Фибры моего существа предвкушали тихие радости: койку со свежим бельем, молниеносный процесс раздевания, нырок под простыню, ровный шумок кондишена с потолка, сонную сигарету и сонное разглядывание надоевшей до смерти карты-схемы, висящей в ногах.
На карте-схеме была изображена в масштабе один к десяти миллионам по сорок четвертой параллели Африка с Мадагаскаром. И проложены были все наши курсы вокруг черного континента с моими комментариями на соответствующие даты.
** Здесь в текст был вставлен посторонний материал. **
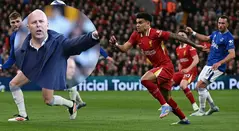 Luis Díaz y Arne Slot, jugador y técnico de Liverpool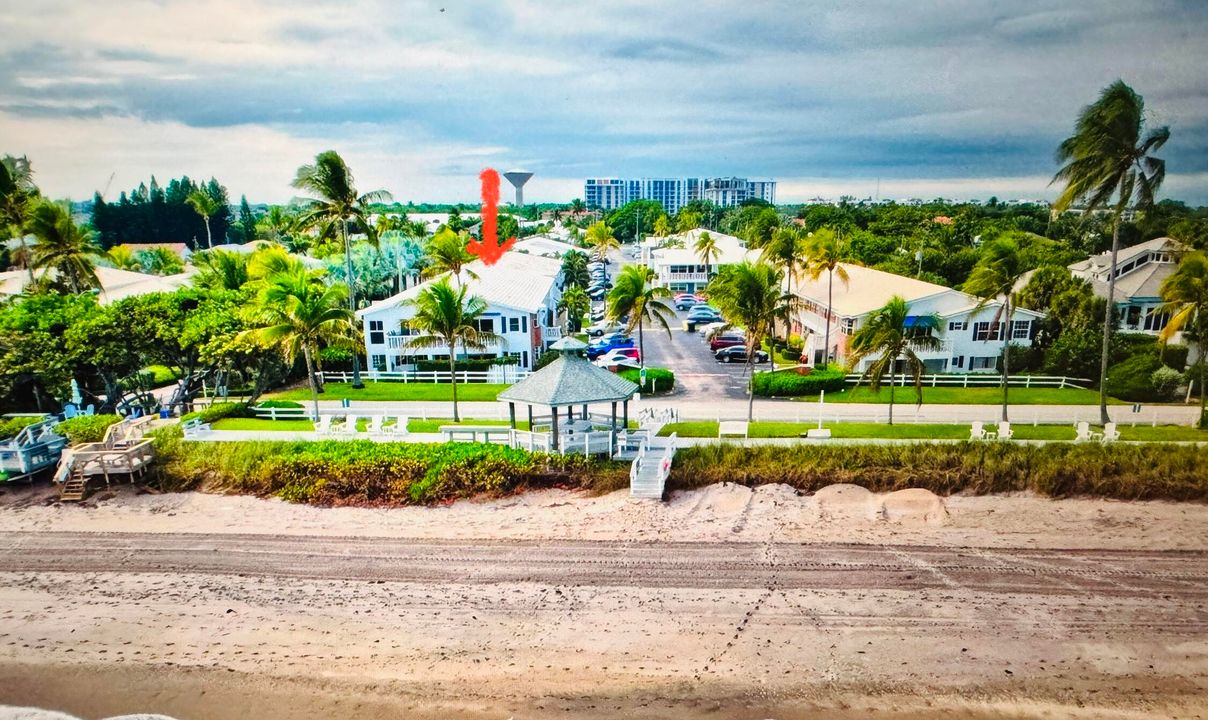 For Sale: $379,000 (2 beds, 2 baths, 962 Square Feet)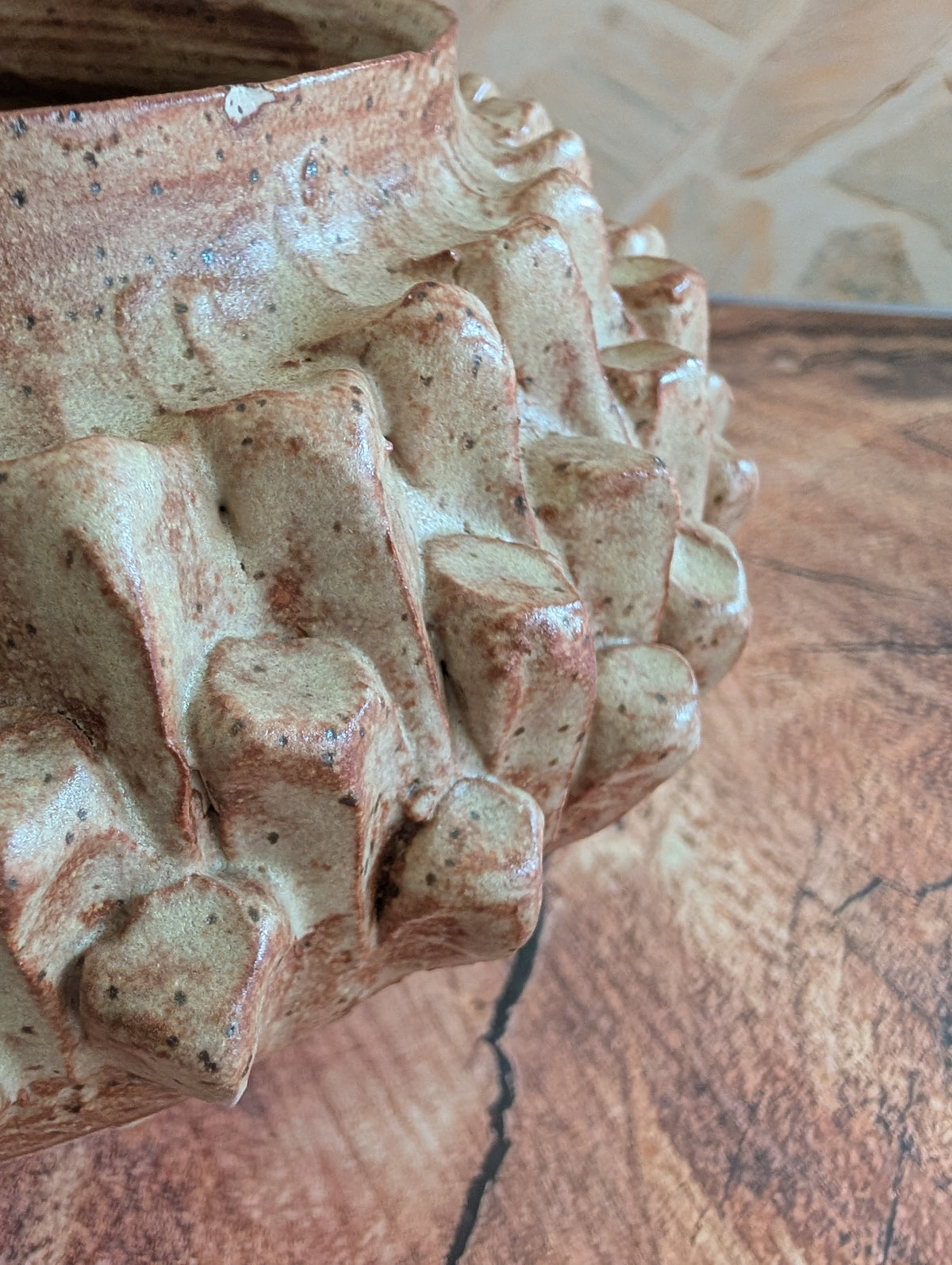 Chai Crown Vessel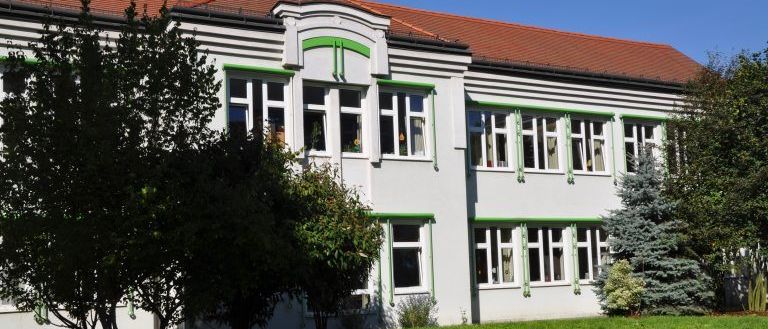 Bild enthält, Grass, Plant, Building, City, Housing, Bay Window, Window, Urban, House, Lawn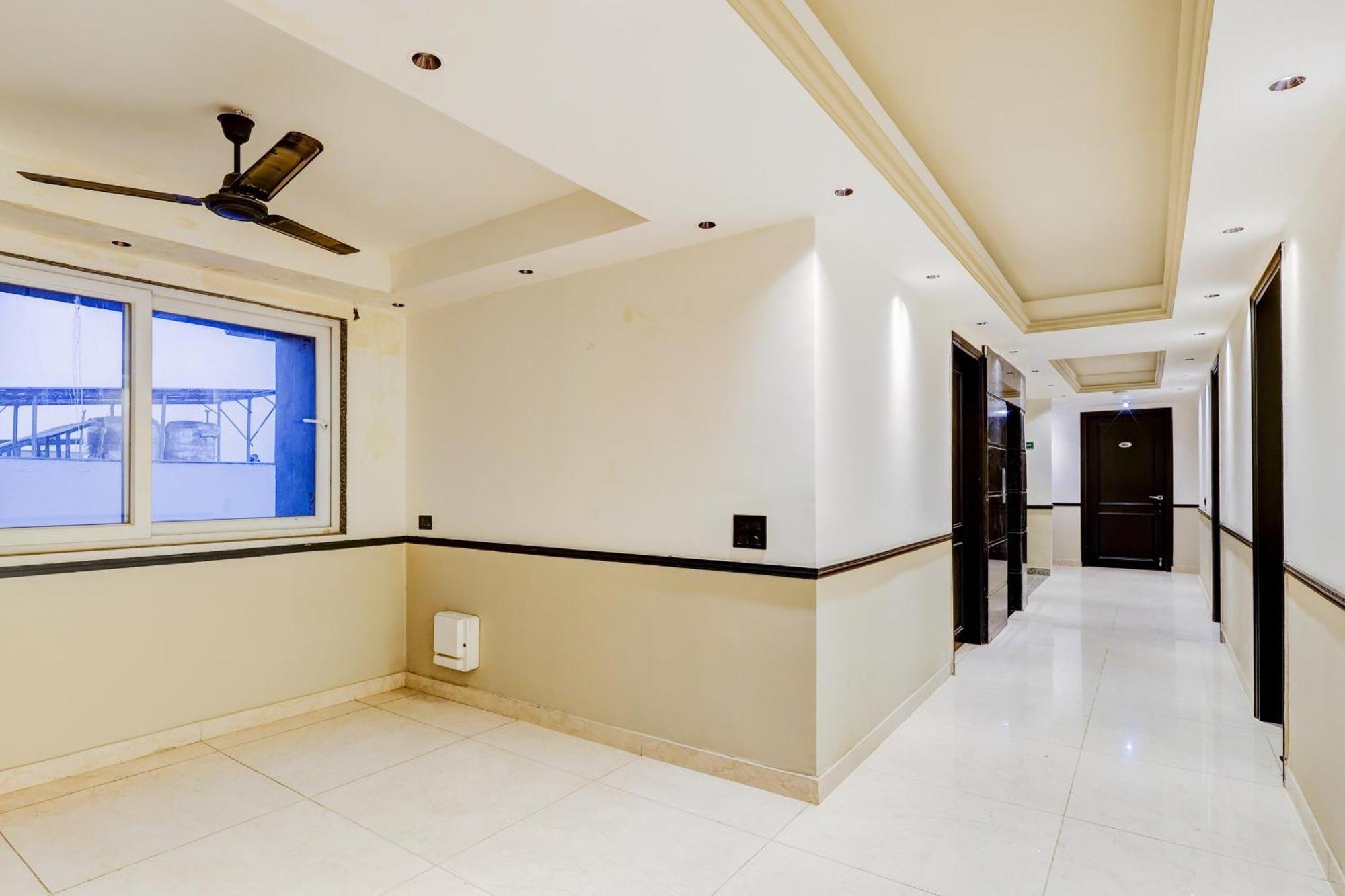 Super Townhouse Oak Udyog Vihar Hotel Gurgáon Kültér fotó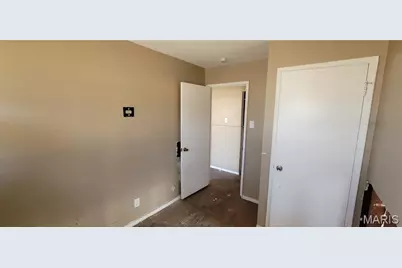 304 Lanark Road, Saint Louis, MO 63137 - Photo 16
Особое удовольствие я предвкушал от того, что завтра-послезавтра предстояло с этой картой-схемой опасных от мин и стрельб районов расстаться и перейти на следующую карту-схему, то есть увидеть в ногах койки Европу и отчий дом. Это большое удовольствие – иметь возможность видеть на карте конечную точку пути и каждый день на двести пятьдесят дуговых минут приближаться к ней.
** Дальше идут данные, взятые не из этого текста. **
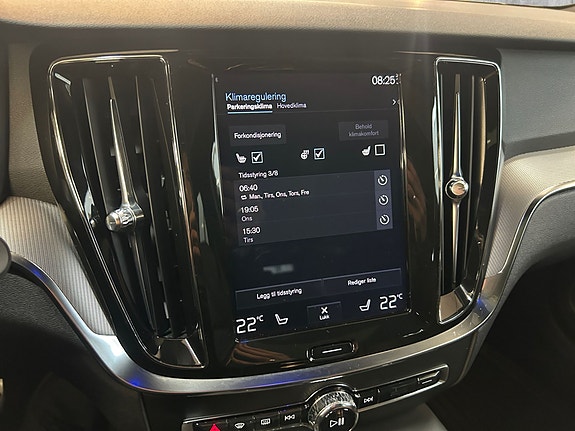 Volvo V60 26 of 30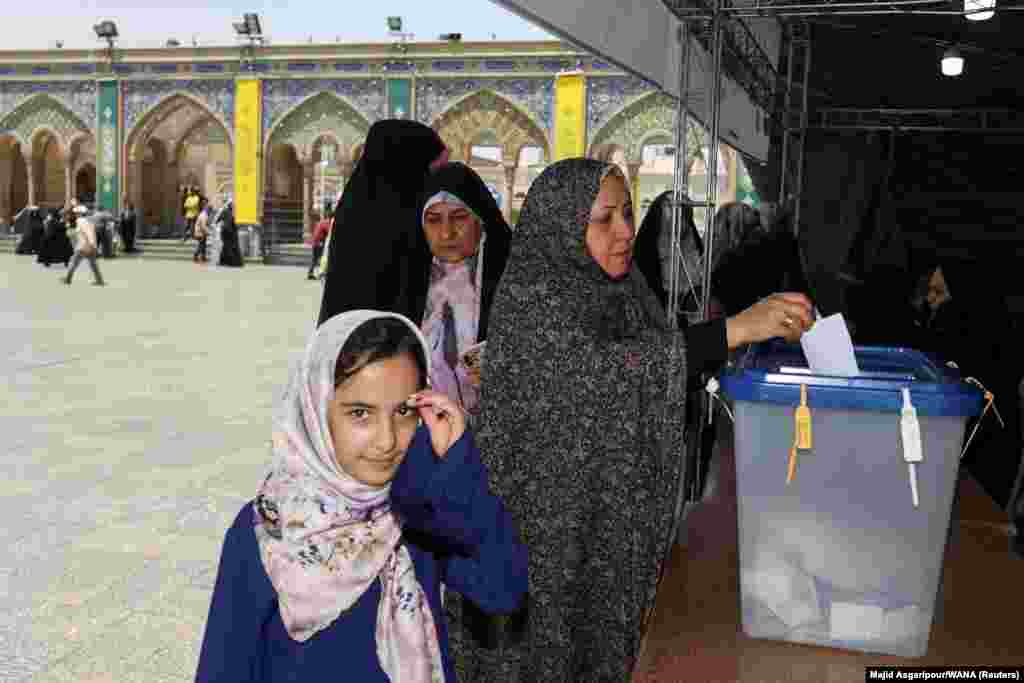 Иран көптөгөн жылдардан бери азыркы жетекчиликтин легитимдүүлүгү шайлоочулардын көптүгүнө байланыштуу экенин айтып келген. Бирок шайлоого катышуунун төмөндүгү, саясий элитага каршы нааразылыктар учурдагы элитанын легитимдүүлүгүнөн күмөн санатууда.&nbsp; &nbsp;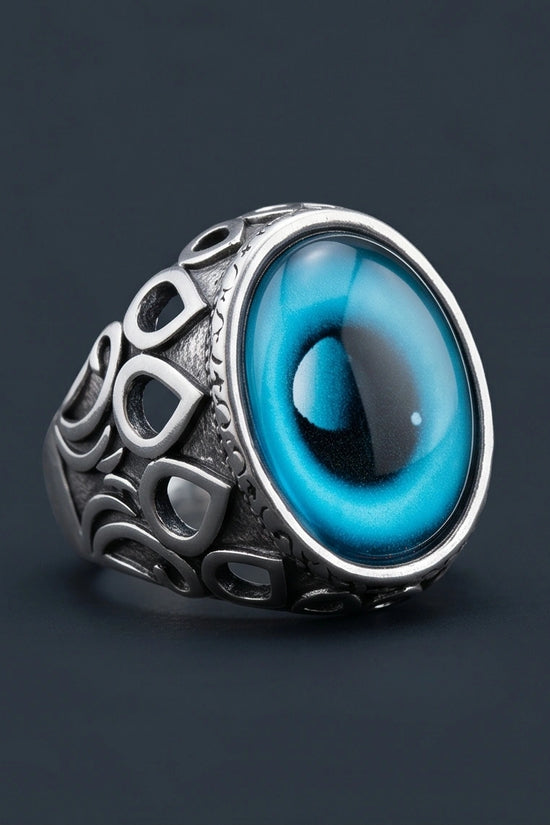 Vintage Sterling Silver Gothic Oceanic Cat's Eye Ring
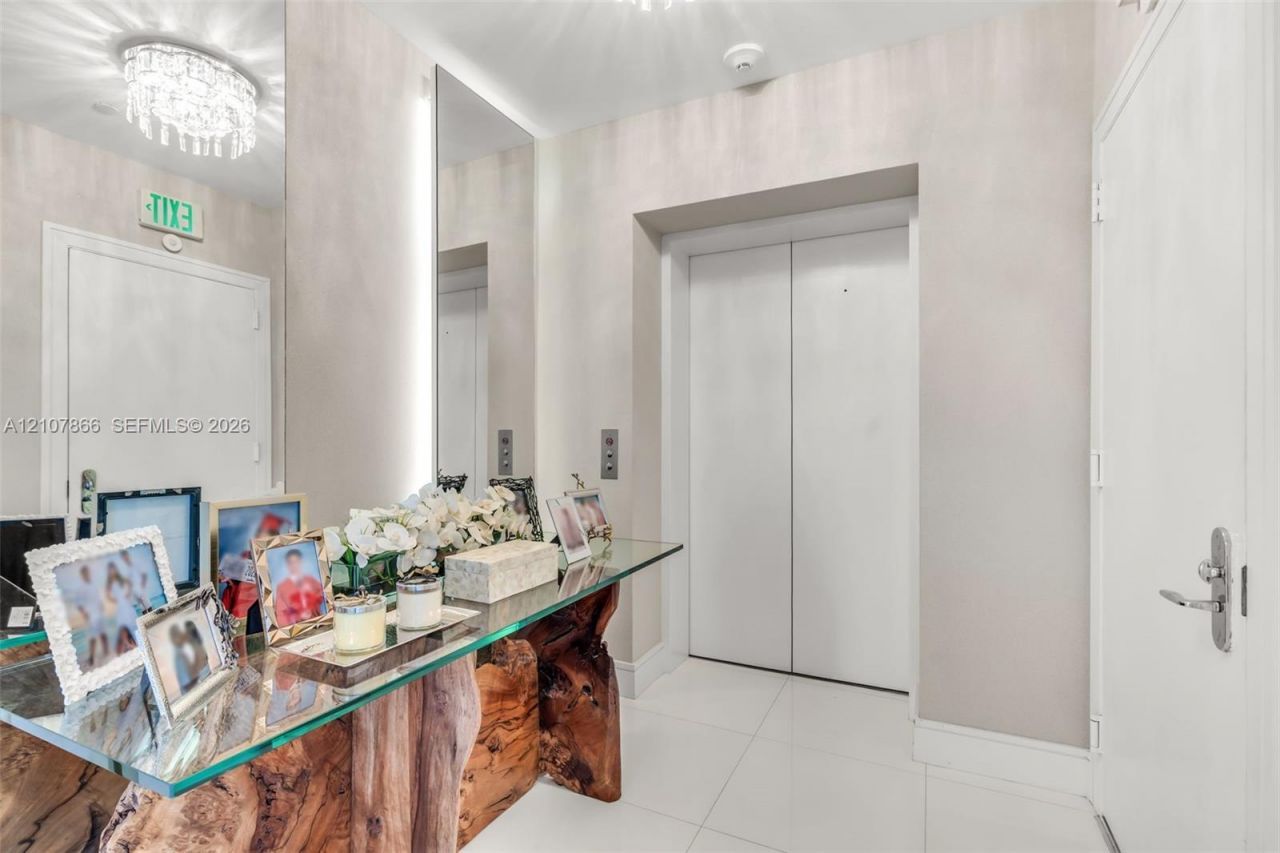 17121 Collins Ave, Unit 2608, Sunny Isles Beach, FL 33160 Photo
Я открыл дверь в каюту и остолбенел.
Мутные волны прокатывались взад-вперед по каюте.
Слабо просвечивало сквозь волны красное дно – ковер. И равнодушно, монотонно шумел маленький Ниагарчик – из крана в умывальник и из умывальника в водоем каюты.
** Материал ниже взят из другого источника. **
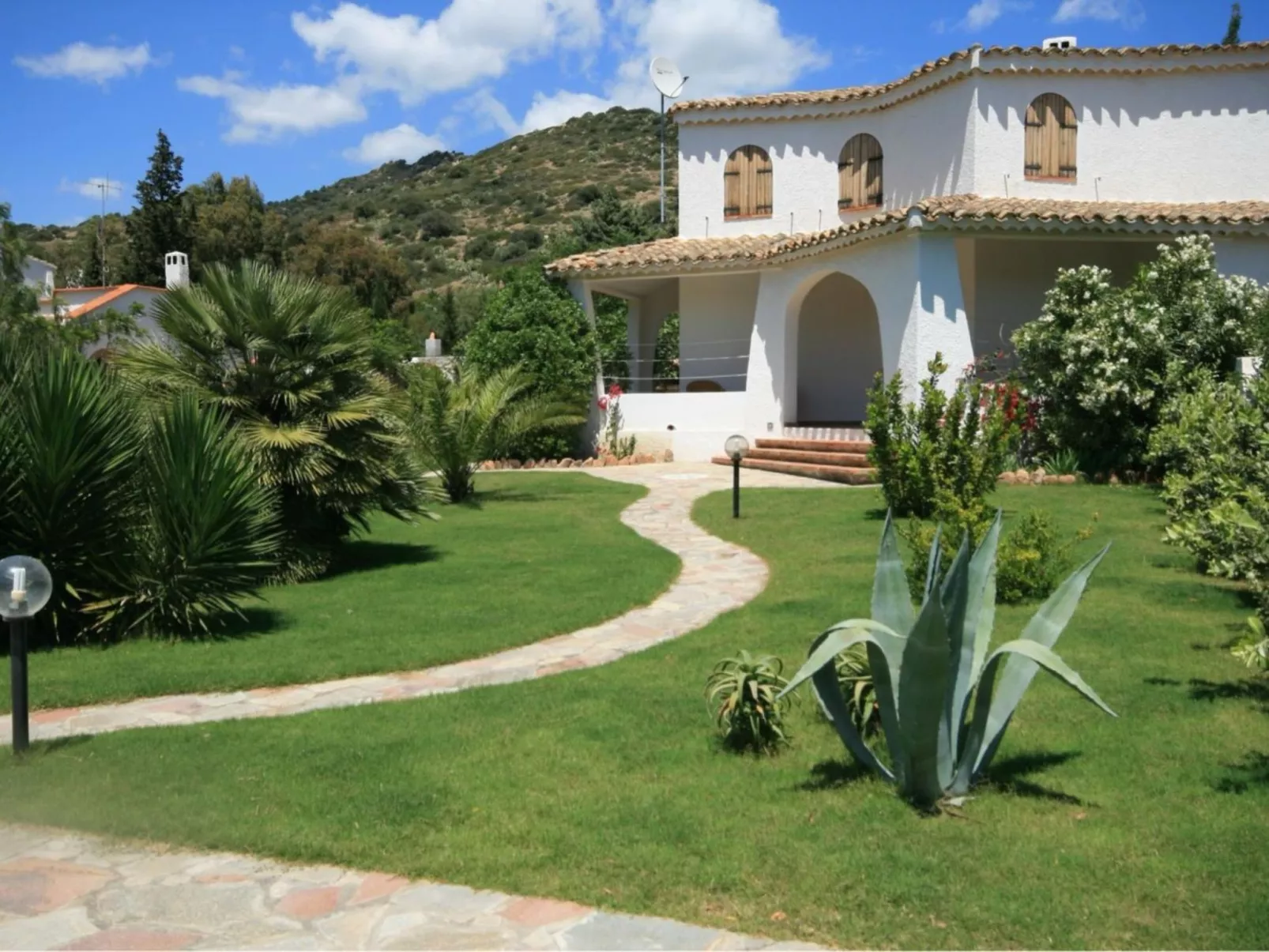 Approdo-Outside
Пейзаж водоема украшала сенегальская газель – она колыхалась на волнах в центре.
В «Пути к причалу» я волей автора заставил одного героя выпрыгнуть из койки в каюту, заполненную водой. Герой орал: «Полундра! Тонем!» – и бегал на четвереньках. Потом вышибал из двери нижнюю аварийную филенку лбом.
Я же прыгнул в водоем прямо в сандалетах – чикаться не было времени: под диваном хранились запасные часы, барографы, бинокли, звездный глобус и другие ценности.
Только перекрыв кран, я понял причину аварии. Проклятая цикада! Она уступила струйке воды и провалилась в трубу умывальника. Пробка, которой я прижал цикаду, – дурацкая сентиментальность и интеллигентская мягкотелость! – стала на место. И всю вахту вода текла в каюту.
Я заметался в мутных волнах, как танцующий джинн – так называют в районе Марокко смерчи.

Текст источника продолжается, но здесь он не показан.